The smile that crosses Dale's face when he sees Ellen could have lit up the whole city of Los Angeles. Bursting with the enthusiasm of young and drunk with the intoxicating wine of love, he rushes to Ellen's side. Ellen backs away a bit. Dale's surprised and slightly hurt by this move. Ellen quickly explains the reason. She says she had a lot of time to think when she was away, and she has come to a decision that she knows Dale is not going to like; she has decided to end their relationship. It will be the best thing for them in the long run. He has given her a lot of happy moments and she'll treasure them always. Dale accepts Ellen's decision.

The next few days are marked by a remarkable change in Ellen. There's a new bounce in her step, a new glint in her eye; it's almost as if she has been reborn. This new attitude is most evident in her involvement with her work. She has taken a personal interest in Brian Gamage, a young boy, who can't talk. His mother says it could be psychosomatic since countless doctors have not found any physical cause for his lack of speech. Ellen suggests she let Jerry Kane examine her son. Mrs. Gamage agrees, and Ellen sets up the appointment.

Greg has been suffering for a long time with investigative reporter's itch; an ailment that results when there's little of newsworthy importance to require an investigation.

He has almost adjusted to his predicament when an ointment appears, in the guise of a story on an arson ring. The police have one of the suspected arsonists in jail on a stolen car rap, the other, Mr.

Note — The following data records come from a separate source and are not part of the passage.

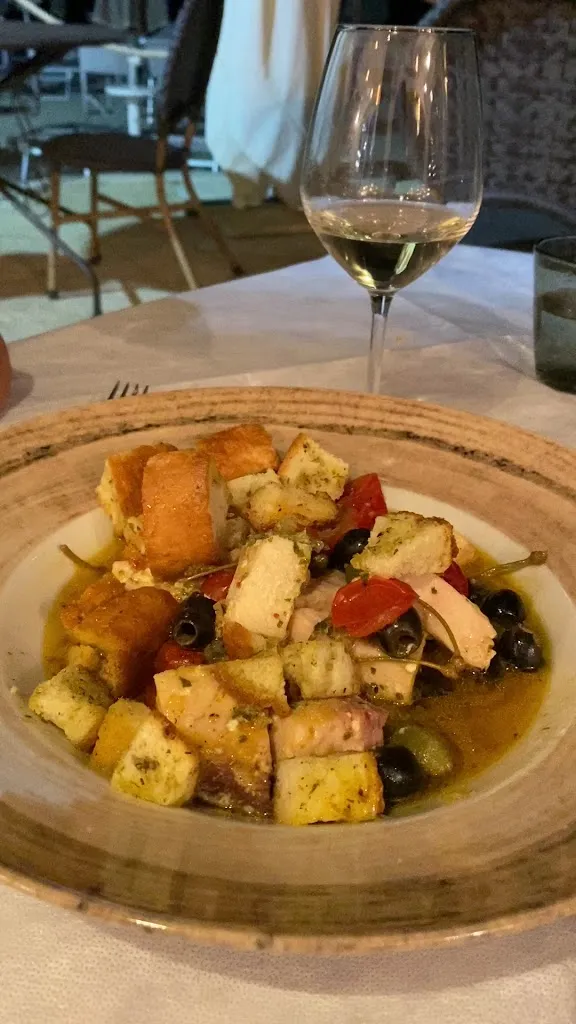 Madù_Cupra Marittima_slider_image_2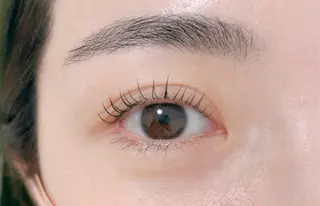 マツエク・マツパ Noël ゆりのマツエク・マツパデザイン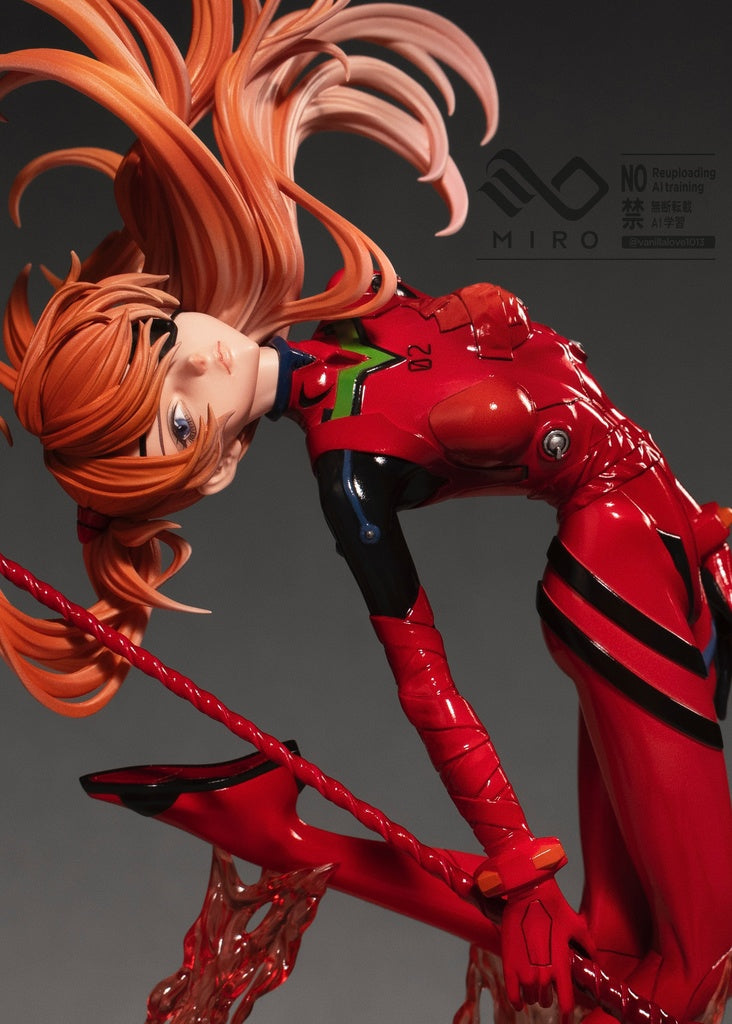 Evangelion Shikinami Asuka Langley Garage Kit [src:https://booth.pximg.net/e4aad4ae-52a6-4b88-84af-634adf9672e6/i/8031439/2e8bdbac-7608-4cd1-8708-889401838667_base_resized.jpg]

Gamage, is lying in a hospital bed in critical condition, (his partner left him to die in a fire).

Greg knows the uncovering of this arson ring would make a great story for the Register -- and possibly earn them the Pulitzer Prize -- and he goes about trying to get the imprisoned Mr. Bailey to confess. Mr. Bailey is not about to turn "stoolie" and he's getting quite tired of Greg's jailhouse visits. He hints that Greg better lay off the story if he knows what's good for him.

Tony's on a downhill slide and it's becoming quite noticeable to everyone. Tom Conway tells Vicki that Tony's completely wrapped up in her. He hints that Tony's mental condition may lead him to do something rash. Vicki's beginning to feel quite guilty; she never wanted to hurt Tony that badly. She had hoped he would play the game by her rules.

The 1970s version of Sherlock Holmes does not carry a magnifying glass nor smoke a pipe, but instead has in his possession a pen, notebook and tape recorder. He can usually be found on the staff of countless newspapers scattered across this great land.

Greg Mercer, hot-shot investigative reporter on The Register, is definitely one of these "new Holmes." He's currently hard at work on the investigation of an arson ring, and like the old master he doesn't let fear get in the way of solving the mystery -- or in his case, what's more important, getting "the story." Greg has been receiving threatening phone calls and visits, but he just ignores them. Though he shows a lack of concern for his welfare, his friends, especially Carrie, urge him to drop his sleuthing. Greg's too wrapped up in "the story" to pay attention to them.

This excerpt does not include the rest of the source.